> Goal of the exercise:
Give again, unaltered, the line with "Owl Art Print" and all lines that follow it in the listing below, minus any pictures.

> Given material:
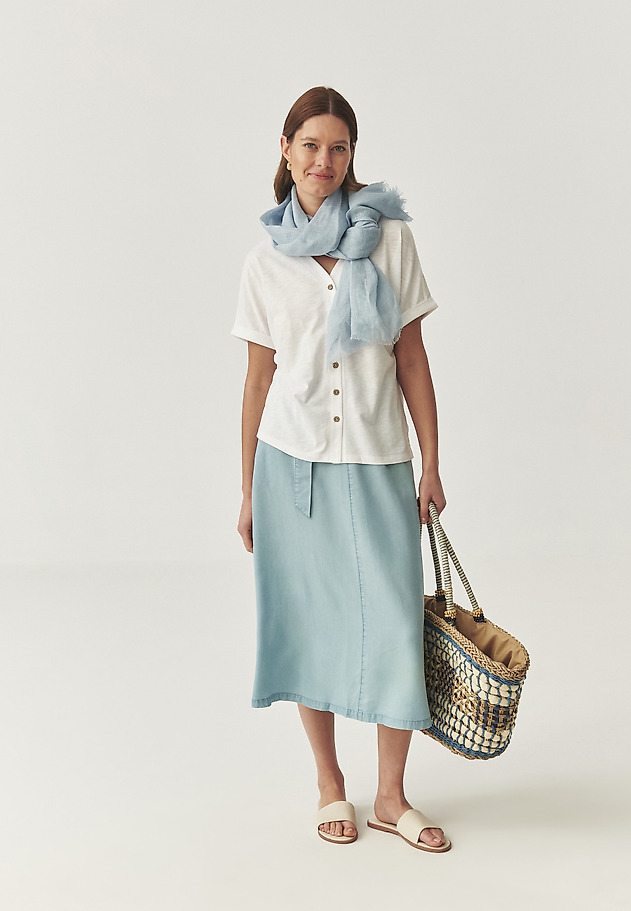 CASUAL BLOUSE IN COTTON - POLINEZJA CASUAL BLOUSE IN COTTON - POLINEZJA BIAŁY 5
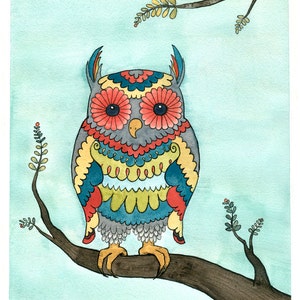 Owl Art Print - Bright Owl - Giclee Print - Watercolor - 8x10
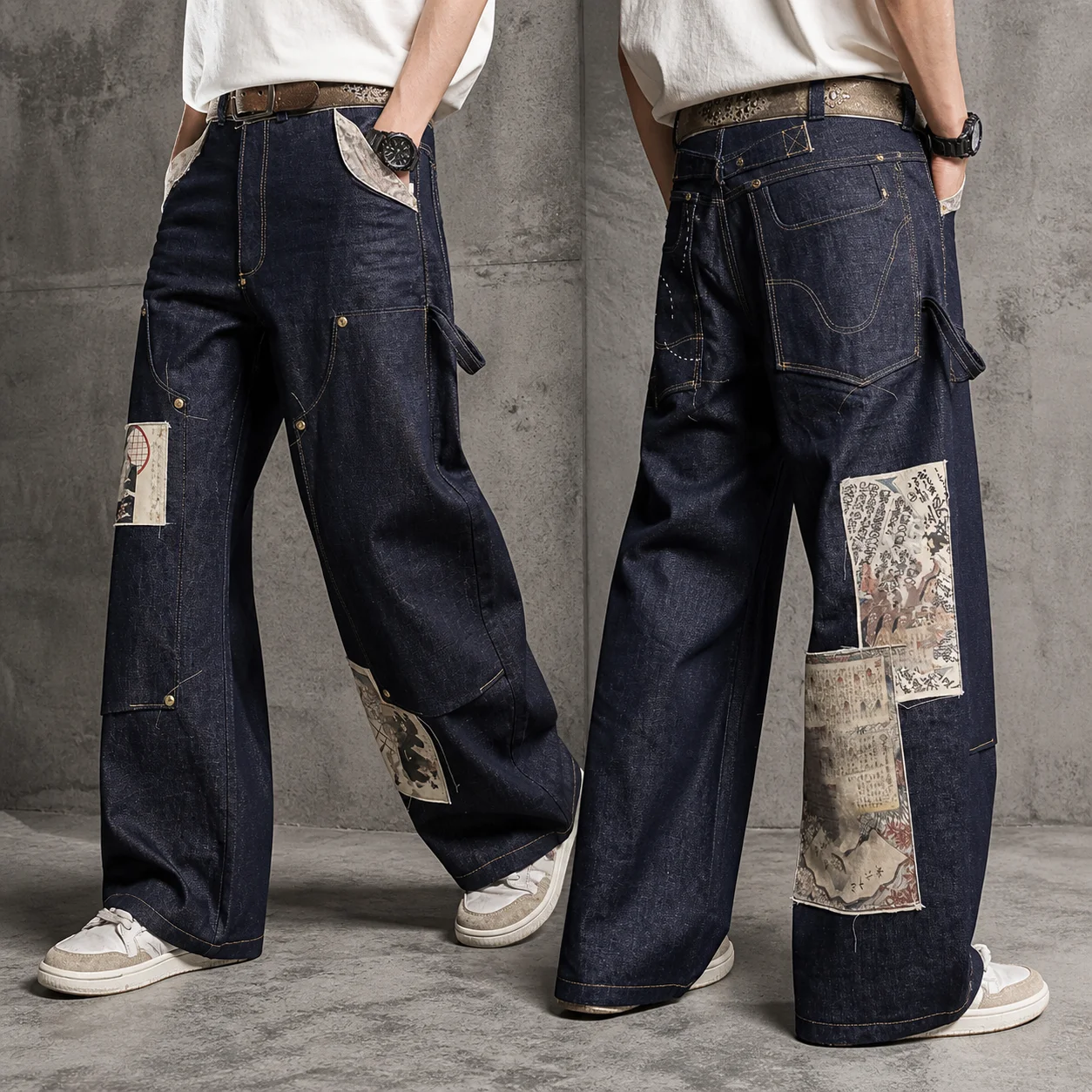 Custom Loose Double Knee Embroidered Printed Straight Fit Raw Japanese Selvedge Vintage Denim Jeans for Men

> Expected output:
 Owl Art Print - Bright Owl - Giclee Print - Watercolor - 8x10
 Custom Loose Double Knee Embroidered Printed Straight Fit Raw Japanese Selvedge Vintage Denim Jeans for Men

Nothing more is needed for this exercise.